Transcribe all of the data verbatim, please, and leave out its pictures.

**Available data:**
==*==
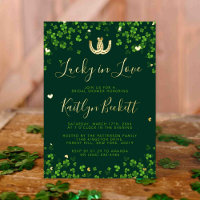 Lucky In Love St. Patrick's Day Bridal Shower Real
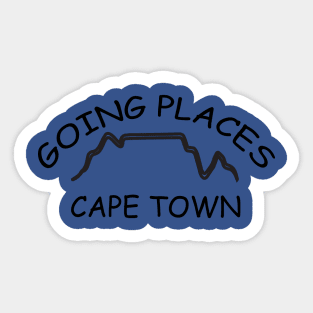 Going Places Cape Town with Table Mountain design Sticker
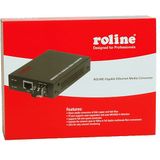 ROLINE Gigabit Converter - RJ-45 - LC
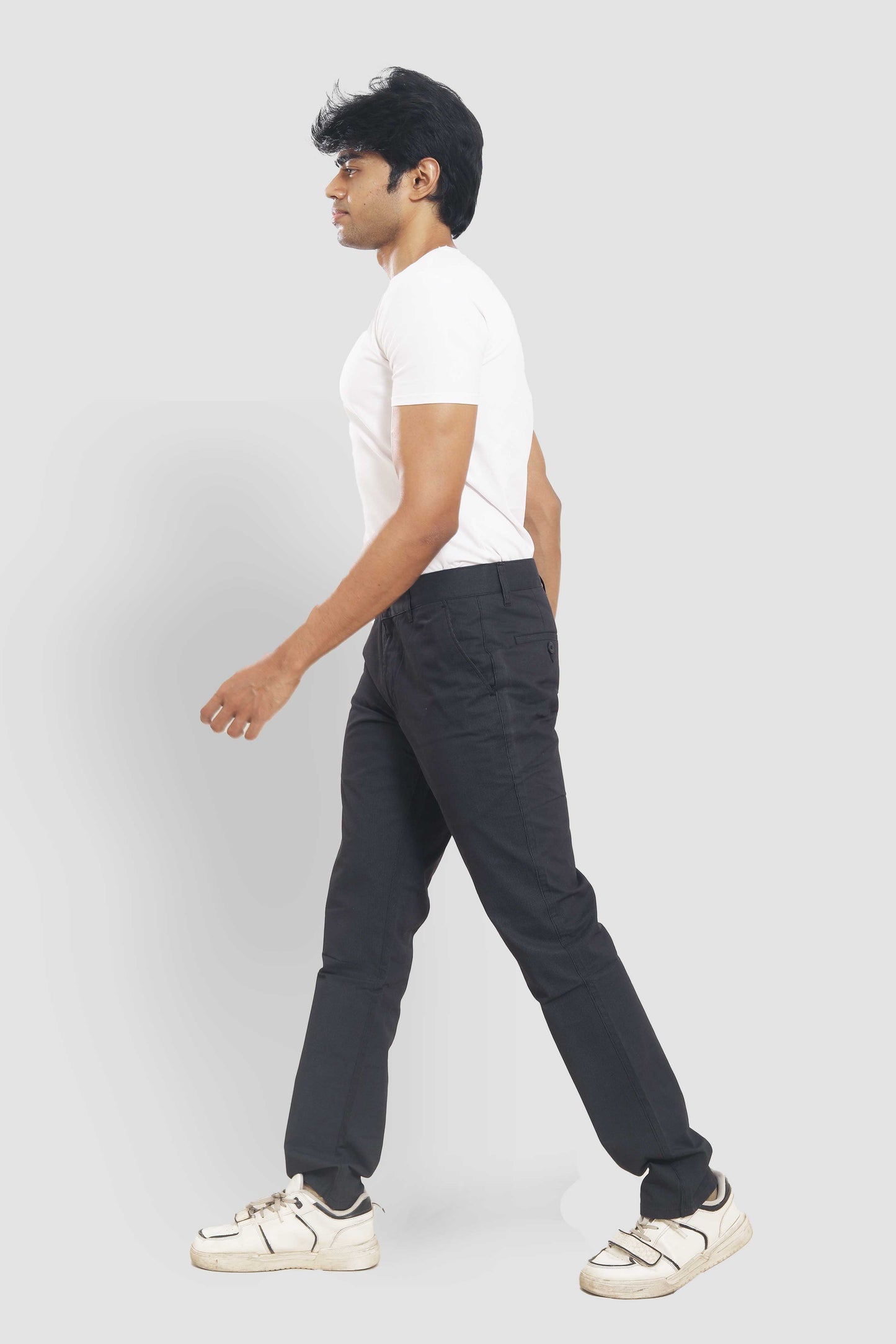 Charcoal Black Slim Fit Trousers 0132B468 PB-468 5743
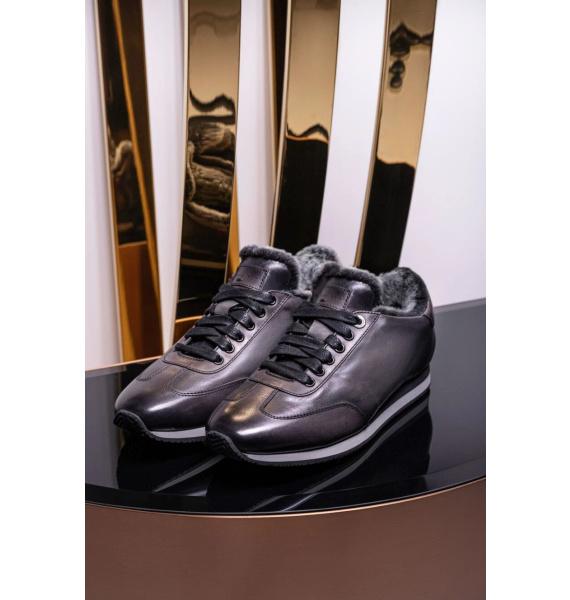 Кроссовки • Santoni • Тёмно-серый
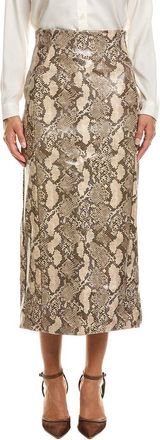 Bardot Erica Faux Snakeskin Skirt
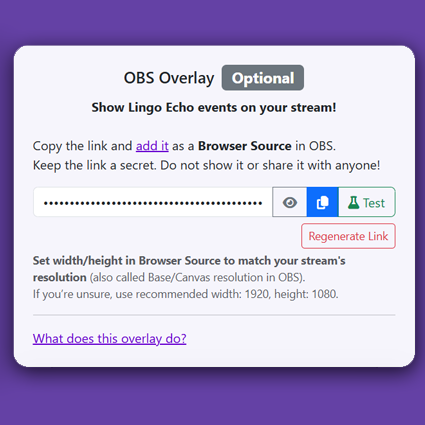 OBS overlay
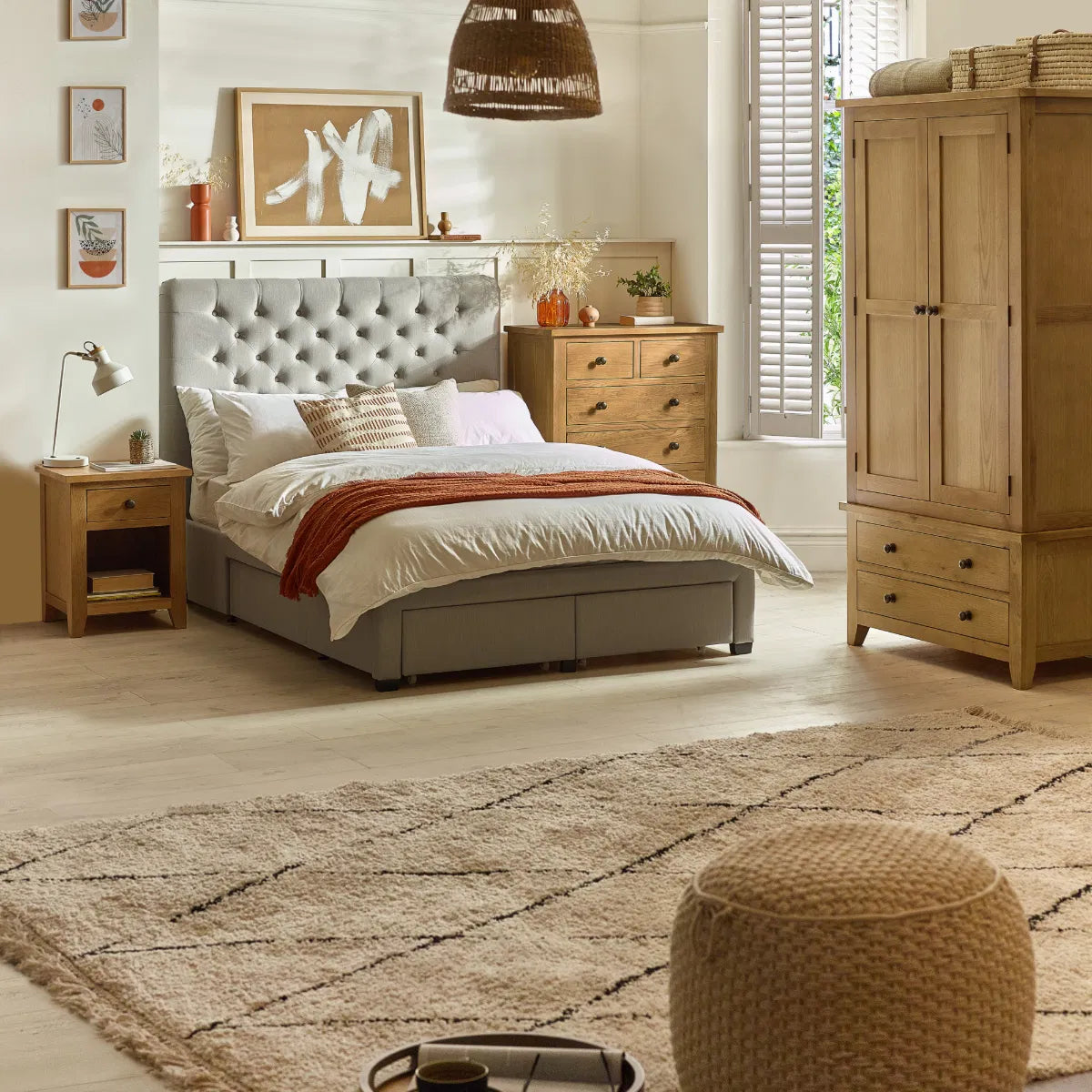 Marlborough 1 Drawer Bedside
==*==
**Finished task:**
 Lucky In Love St. Patrick's Day Bridal Shower Real
 Going Places Cape Town with Table Mountain design Sticker
 ROLINE Gigabit Converter - RJ-45 - LC
 Charcoal Black Slim Fit Trousers 0132B468 PB-468 5743
 Кроссовки • Santoni • Тёмно-серый
 Bardot Erica Faux Snakeskin Skirt
 OBS overlay
 Marlborough 1 Drawer Bedside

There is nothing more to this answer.